* _Problem description_
Word for word, copy the line containing "Type V City Book Cover TN" and every line after it in the records below, leaving pictures out.

* _Data provided_
· · ·

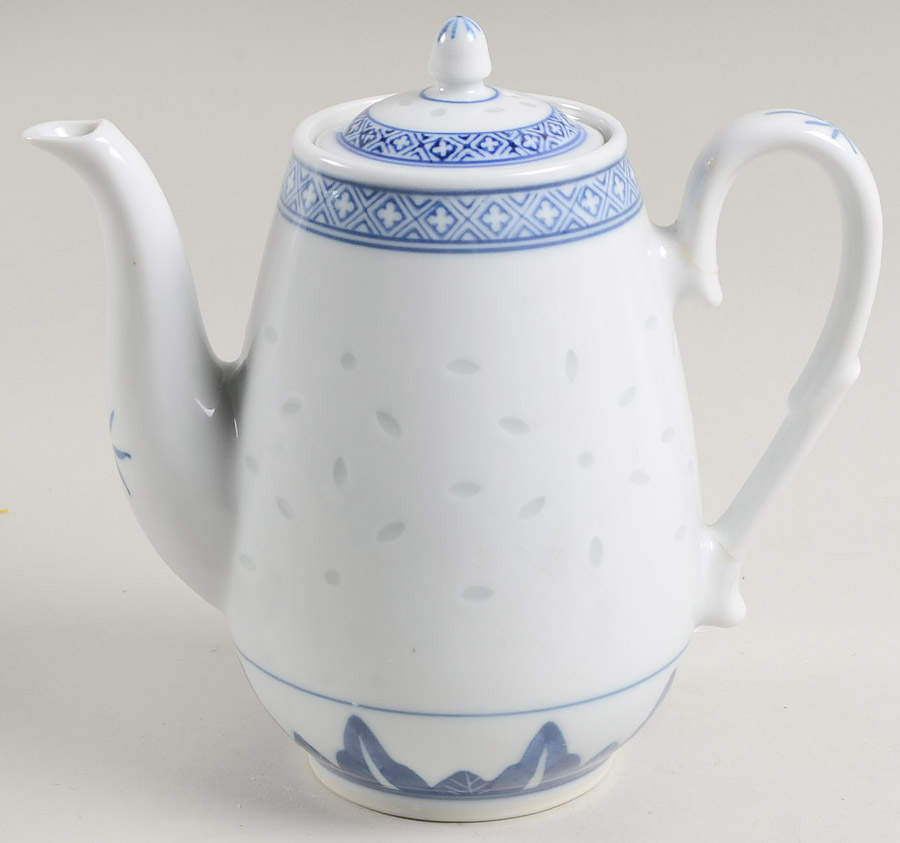 CX78 Mini Coffee Pot & Lid by China (Made in China)-1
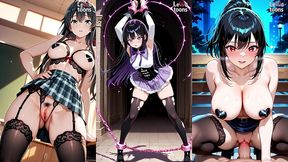 lewdtoons teasers [ai generated] sex anime hentai ultra hd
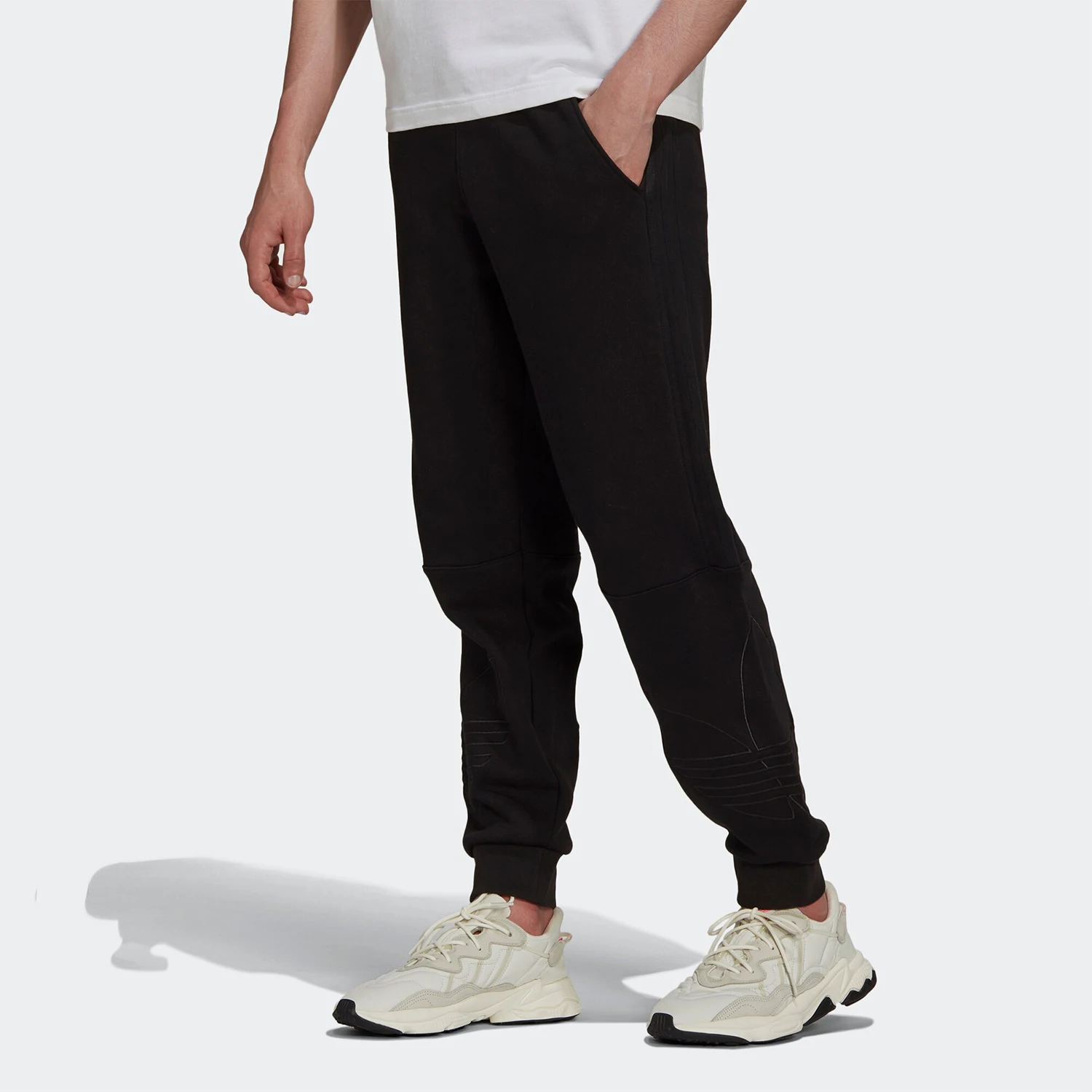 Adidas genuine clover new men's leg binding pants H13452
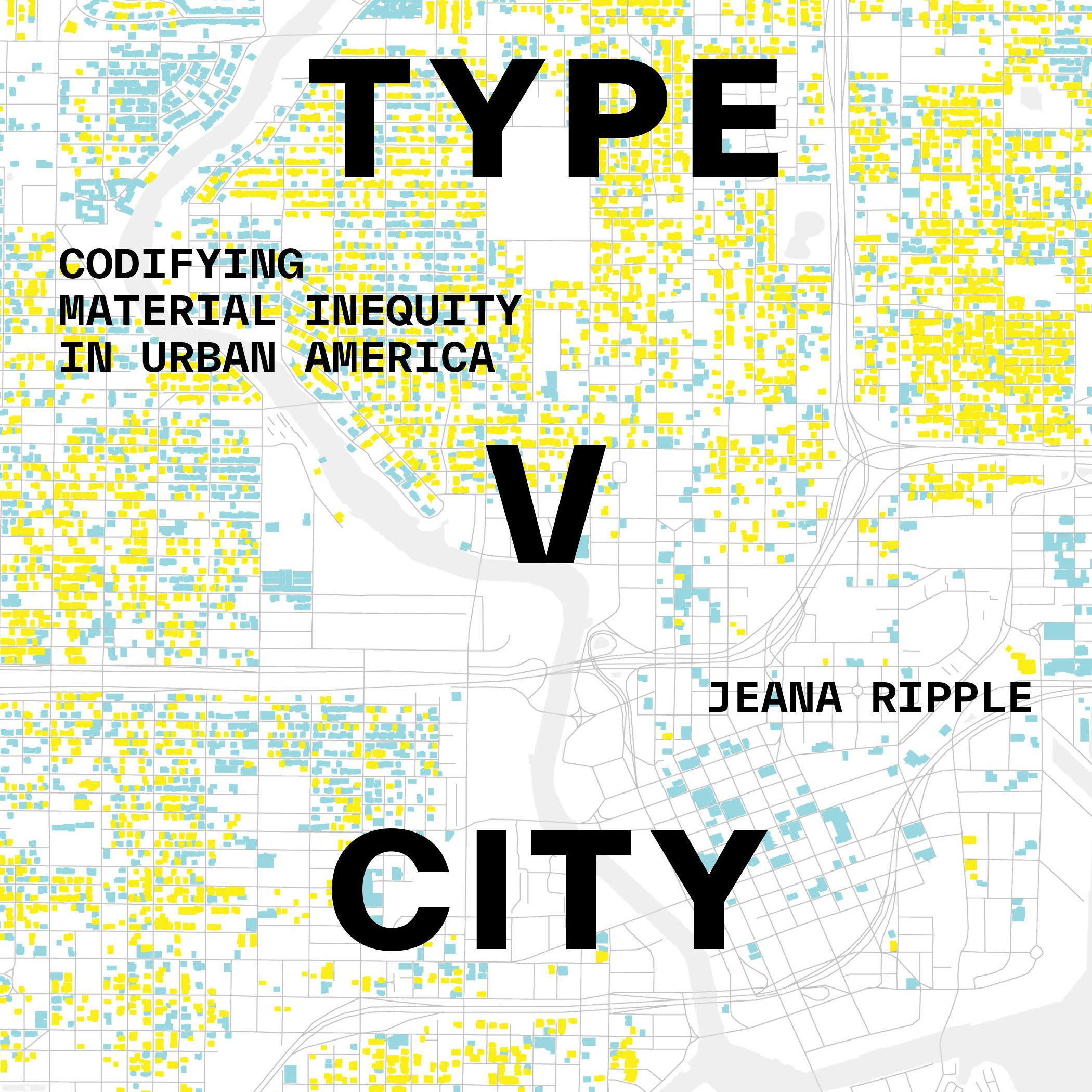 Type V City Book Cover TN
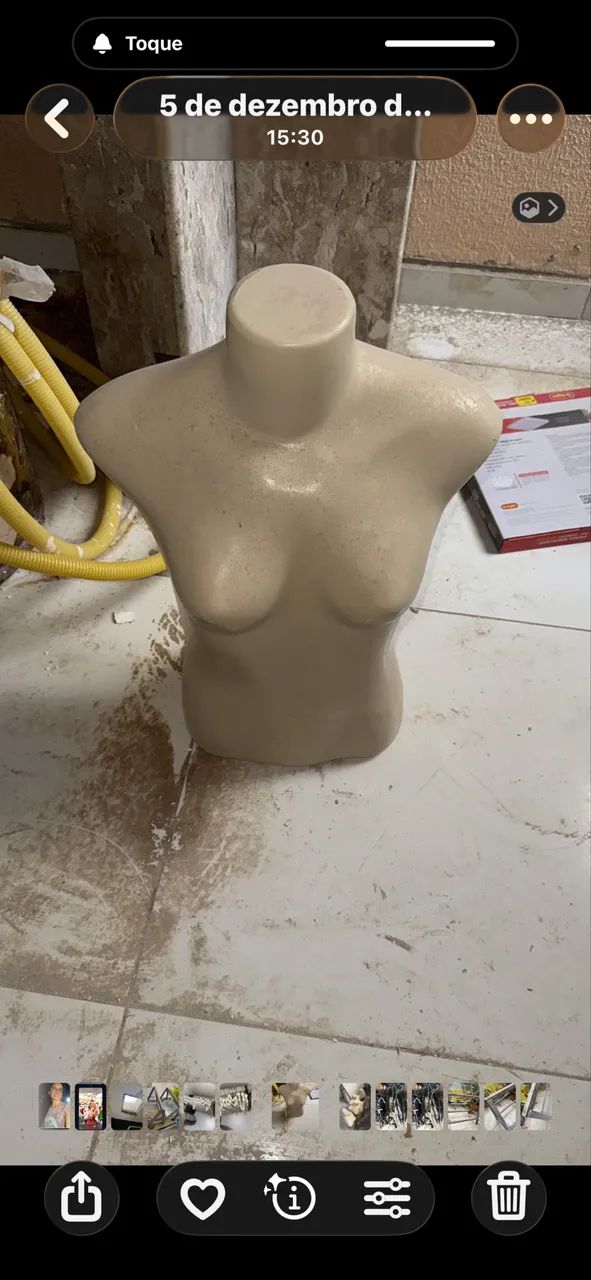 Manequins  bustos  - Foto 2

· · ·

* _Written answer_
 Type V City Book Cover TN
 Manequins  bustos  - Foto 2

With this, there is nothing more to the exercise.